Filinto Lima antevê um último período difícil e com constrangimentos na realização das provas finais de 9.º ano (Português e Matemática) em formato digital”. “As atuais condições existentes não auguram um clima de tranquilidade merecido pelos nossos alunos, principalmente no momento solene (e de natural nervosismo) em causa”, admite. Contudo, garante que “as escolas tudo farão para que a efetivação destas provas seja o mais normal possível, contribuindo para a paz e tranquilidade inerentes à situação”. O presidente da ANDAEP está expectante para “perceber que medidas serão tomadas pela próxima equipa ministerial” e lança um pedido ao futuro ministro ou ministra da Educação. “As duas primeiras decisões, deverão obrigatoriamente ser as seguintes: validação (ou não) da realização das provas de aferição e provas finais de 9.º ano em formato digital e a devolução dos 6 anos 6 meses e 23 dias do tempo de serviço aos professores”, de forma a garantir tranquilidade nas escolas. “O país educativo está na expectativa de saber que medidas de política educativa serão incrementadas”, conclui.

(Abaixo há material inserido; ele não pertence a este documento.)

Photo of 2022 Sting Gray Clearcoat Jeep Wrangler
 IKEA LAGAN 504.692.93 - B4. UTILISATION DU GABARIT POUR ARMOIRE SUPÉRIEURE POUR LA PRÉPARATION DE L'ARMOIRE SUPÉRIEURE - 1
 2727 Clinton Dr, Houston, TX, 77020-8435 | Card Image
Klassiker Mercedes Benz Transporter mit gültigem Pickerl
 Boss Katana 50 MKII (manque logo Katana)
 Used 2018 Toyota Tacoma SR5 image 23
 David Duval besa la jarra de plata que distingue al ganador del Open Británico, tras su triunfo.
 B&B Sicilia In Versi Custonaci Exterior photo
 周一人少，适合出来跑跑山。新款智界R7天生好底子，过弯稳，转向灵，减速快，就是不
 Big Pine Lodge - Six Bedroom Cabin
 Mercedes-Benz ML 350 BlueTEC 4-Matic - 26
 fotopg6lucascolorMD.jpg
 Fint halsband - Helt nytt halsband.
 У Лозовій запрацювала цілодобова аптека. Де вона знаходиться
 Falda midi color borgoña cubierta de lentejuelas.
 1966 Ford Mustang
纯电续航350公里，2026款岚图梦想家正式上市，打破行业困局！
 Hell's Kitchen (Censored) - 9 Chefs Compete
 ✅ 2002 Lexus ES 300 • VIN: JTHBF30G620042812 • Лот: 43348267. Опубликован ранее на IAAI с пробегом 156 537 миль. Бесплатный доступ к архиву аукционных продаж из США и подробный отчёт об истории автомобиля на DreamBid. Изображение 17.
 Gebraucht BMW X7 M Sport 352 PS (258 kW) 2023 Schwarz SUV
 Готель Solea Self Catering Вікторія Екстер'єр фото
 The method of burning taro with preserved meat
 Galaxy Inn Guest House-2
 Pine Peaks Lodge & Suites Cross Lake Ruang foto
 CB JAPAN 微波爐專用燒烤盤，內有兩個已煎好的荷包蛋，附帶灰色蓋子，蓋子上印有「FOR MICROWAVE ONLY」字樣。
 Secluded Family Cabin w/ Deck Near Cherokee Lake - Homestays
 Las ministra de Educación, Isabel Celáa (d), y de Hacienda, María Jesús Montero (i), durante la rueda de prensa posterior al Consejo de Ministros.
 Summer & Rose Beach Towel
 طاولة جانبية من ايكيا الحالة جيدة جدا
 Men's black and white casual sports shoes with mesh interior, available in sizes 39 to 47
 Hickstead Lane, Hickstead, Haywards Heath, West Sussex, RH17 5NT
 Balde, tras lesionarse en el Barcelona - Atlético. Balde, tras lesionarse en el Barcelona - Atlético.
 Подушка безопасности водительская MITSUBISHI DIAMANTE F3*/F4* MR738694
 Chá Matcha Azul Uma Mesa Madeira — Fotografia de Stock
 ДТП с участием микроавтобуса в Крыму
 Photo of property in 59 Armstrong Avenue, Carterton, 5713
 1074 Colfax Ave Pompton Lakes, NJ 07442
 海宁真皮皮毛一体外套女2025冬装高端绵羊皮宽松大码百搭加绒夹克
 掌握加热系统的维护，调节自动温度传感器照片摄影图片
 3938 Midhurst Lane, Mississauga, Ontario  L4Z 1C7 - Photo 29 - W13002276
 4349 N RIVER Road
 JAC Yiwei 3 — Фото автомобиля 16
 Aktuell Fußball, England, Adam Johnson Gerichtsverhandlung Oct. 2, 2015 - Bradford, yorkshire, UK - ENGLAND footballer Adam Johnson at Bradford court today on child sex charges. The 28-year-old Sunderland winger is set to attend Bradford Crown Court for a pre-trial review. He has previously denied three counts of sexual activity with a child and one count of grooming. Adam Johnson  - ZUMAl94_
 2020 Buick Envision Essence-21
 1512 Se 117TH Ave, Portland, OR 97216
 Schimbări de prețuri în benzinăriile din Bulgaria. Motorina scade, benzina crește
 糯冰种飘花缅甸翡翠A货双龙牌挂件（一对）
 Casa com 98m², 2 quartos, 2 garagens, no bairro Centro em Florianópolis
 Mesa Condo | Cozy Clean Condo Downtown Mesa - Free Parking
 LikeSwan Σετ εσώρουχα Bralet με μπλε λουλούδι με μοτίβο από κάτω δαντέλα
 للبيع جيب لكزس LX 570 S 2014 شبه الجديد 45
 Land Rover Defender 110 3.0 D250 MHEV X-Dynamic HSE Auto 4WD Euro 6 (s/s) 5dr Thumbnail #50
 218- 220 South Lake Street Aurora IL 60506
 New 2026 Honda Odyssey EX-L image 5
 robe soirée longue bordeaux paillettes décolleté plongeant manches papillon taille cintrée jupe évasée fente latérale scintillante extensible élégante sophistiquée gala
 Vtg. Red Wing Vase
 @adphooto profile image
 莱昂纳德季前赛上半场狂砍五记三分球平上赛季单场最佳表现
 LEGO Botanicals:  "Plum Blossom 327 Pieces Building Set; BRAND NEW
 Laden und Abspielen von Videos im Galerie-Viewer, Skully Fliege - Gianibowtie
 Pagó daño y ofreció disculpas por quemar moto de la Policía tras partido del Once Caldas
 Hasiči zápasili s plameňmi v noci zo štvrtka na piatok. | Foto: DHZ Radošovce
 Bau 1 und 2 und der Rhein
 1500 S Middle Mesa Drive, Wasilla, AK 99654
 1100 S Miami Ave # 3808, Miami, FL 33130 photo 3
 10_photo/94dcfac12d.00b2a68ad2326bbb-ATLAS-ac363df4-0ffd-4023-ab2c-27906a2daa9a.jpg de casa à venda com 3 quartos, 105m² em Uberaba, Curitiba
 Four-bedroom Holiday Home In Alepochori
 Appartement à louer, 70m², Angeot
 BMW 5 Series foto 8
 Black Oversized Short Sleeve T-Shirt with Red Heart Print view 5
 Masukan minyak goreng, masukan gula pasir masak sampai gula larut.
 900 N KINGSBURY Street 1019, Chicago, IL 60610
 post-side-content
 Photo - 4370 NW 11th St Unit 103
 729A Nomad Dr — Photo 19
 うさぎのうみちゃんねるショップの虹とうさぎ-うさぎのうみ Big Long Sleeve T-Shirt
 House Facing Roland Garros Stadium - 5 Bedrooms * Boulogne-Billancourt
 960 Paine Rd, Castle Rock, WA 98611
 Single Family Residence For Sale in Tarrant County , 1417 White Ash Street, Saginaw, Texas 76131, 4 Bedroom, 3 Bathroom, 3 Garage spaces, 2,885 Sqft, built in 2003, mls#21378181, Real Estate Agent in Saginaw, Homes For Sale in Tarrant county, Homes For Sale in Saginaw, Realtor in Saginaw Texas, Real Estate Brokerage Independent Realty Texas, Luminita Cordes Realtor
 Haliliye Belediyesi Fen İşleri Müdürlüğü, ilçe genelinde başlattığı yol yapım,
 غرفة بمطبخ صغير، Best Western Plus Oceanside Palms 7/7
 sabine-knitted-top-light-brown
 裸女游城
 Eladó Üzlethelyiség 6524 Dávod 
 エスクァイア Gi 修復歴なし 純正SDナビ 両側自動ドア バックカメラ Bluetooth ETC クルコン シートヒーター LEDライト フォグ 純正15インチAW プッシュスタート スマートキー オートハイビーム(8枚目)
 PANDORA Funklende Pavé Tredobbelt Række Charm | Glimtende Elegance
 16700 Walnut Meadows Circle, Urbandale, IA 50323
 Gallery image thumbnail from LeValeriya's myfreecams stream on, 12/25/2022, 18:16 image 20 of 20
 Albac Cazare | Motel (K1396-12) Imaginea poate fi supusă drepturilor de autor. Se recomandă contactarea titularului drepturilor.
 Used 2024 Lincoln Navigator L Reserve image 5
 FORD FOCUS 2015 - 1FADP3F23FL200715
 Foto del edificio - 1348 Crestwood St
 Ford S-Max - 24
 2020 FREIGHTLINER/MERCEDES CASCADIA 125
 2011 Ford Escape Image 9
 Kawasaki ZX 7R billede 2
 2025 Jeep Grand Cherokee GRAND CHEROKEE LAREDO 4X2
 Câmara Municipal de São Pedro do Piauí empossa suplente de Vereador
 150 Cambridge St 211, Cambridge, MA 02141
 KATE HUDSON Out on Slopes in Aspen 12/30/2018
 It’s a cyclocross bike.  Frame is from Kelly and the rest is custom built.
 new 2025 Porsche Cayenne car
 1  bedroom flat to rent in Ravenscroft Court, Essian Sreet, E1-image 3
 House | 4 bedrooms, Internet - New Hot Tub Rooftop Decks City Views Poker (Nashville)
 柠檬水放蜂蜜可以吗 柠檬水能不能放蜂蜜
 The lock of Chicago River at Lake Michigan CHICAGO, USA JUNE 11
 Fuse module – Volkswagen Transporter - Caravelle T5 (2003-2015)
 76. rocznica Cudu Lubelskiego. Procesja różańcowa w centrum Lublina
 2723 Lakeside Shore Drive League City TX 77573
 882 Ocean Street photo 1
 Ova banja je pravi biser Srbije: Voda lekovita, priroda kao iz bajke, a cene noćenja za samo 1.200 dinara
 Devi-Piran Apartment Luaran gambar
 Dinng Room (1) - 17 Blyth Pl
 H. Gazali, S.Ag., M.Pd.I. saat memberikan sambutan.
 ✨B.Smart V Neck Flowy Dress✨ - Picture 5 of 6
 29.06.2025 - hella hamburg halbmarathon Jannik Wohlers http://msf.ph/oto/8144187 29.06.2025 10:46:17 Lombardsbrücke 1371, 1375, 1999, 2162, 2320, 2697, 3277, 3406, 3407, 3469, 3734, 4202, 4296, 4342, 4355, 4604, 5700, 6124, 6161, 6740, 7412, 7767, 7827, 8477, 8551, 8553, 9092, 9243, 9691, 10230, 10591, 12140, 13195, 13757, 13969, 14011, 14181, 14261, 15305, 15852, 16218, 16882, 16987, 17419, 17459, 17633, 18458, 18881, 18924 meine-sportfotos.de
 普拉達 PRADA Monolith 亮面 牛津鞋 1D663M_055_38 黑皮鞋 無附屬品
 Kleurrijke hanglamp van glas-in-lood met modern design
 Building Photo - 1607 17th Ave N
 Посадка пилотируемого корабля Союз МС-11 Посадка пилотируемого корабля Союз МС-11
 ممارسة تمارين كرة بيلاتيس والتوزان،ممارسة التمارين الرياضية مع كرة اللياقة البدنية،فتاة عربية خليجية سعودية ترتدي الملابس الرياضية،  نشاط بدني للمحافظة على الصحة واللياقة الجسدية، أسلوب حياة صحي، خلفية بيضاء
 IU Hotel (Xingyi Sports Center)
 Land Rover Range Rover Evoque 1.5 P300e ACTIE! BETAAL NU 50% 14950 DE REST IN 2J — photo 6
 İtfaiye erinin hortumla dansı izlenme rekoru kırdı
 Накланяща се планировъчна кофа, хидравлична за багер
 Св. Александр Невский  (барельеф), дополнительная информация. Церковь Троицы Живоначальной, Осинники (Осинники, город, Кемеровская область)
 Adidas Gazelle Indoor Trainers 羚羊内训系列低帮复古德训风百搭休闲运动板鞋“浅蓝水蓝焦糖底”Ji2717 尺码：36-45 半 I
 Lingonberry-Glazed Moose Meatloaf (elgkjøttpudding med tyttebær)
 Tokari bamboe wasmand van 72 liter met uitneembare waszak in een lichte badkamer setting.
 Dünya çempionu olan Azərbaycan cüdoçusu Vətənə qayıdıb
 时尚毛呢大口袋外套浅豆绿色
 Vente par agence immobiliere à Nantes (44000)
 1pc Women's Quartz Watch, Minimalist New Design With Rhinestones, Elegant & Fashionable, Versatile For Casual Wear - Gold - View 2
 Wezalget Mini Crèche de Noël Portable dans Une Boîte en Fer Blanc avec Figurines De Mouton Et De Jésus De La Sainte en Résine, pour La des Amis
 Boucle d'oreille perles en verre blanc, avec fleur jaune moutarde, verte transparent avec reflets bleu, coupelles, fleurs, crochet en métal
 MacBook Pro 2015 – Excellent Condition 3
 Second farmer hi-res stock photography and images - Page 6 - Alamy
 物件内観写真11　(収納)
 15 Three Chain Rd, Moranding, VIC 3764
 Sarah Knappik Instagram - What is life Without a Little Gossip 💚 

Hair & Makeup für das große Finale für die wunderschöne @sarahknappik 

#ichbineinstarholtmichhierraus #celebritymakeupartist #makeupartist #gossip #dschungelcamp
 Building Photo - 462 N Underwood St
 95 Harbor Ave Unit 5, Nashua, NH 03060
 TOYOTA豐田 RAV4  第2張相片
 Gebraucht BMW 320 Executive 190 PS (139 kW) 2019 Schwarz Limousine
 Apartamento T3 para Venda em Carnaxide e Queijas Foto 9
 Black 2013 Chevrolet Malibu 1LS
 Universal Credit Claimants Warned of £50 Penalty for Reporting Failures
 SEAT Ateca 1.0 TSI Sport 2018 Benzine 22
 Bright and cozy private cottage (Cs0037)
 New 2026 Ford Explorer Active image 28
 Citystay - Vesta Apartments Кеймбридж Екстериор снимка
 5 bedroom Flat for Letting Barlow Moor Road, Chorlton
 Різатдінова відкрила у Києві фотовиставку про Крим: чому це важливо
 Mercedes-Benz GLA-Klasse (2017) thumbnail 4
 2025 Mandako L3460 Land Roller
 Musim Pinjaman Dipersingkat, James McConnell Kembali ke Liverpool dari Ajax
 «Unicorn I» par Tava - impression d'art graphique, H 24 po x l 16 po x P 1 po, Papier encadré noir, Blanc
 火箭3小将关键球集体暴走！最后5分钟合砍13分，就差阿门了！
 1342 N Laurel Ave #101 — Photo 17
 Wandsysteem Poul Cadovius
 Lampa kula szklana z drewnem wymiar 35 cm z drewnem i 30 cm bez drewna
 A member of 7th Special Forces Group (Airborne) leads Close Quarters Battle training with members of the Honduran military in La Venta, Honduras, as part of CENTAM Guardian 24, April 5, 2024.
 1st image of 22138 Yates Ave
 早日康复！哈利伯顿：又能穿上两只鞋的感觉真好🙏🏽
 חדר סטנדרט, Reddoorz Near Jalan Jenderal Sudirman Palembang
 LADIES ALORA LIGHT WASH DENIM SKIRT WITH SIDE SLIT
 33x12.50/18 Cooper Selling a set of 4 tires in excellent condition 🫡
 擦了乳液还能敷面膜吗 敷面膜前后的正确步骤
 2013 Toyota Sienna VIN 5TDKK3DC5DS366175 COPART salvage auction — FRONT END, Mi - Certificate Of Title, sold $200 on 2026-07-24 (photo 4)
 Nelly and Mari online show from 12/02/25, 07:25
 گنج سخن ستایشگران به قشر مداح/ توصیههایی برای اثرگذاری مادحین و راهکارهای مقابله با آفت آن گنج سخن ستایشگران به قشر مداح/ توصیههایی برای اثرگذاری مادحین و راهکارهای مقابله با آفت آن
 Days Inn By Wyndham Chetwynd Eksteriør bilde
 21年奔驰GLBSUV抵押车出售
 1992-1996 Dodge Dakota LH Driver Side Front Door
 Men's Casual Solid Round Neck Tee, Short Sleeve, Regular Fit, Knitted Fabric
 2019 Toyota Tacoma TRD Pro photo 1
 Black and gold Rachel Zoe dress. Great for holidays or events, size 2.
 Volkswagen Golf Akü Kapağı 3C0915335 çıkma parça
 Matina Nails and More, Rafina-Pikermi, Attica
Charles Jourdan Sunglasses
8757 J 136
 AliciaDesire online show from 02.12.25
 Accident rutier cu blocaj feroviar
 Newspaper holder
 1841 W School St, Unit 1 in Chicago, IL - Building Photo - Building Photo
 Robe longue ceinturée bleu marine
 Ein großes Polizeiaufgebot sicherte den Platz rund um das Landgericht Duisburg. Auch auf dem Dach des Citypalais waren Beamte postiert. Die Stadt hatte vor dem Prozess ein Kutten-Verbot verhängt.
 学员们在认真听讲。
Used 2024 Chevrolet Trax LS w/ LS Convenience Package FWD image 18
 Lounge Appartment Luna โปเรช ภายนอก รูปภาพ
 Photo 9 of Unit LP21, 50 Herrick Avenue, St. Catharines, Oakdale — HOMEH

Primeiros quatro meses de 2024 registam 1290 aposentações

O 2.º período do ano letivo 2023/24 começou com recorde de aposentações, com 434 profissionais a sair do sistema, em janeiro. Nos meses de fevereiro e março foram mais 614, totalizando 1048 docentes reformados em três meses. O 3.º período segue a mesma tendência com 242 aposentações, em abril. O número poderá ser ainda mais elevado, pois estes dados são apenas os de professores da Caixa Geral de Aposentações (CGA) e não contempla os docentes da Segurança Social. Mário Nogueira, secretário-geral da FENPROF estima que, se o ritmo de aposentações se mantiver ao longo de todo o ano, em 2024 podem aposentar-se mais de 4900 docentes, sendo o número mais elevado do milénio.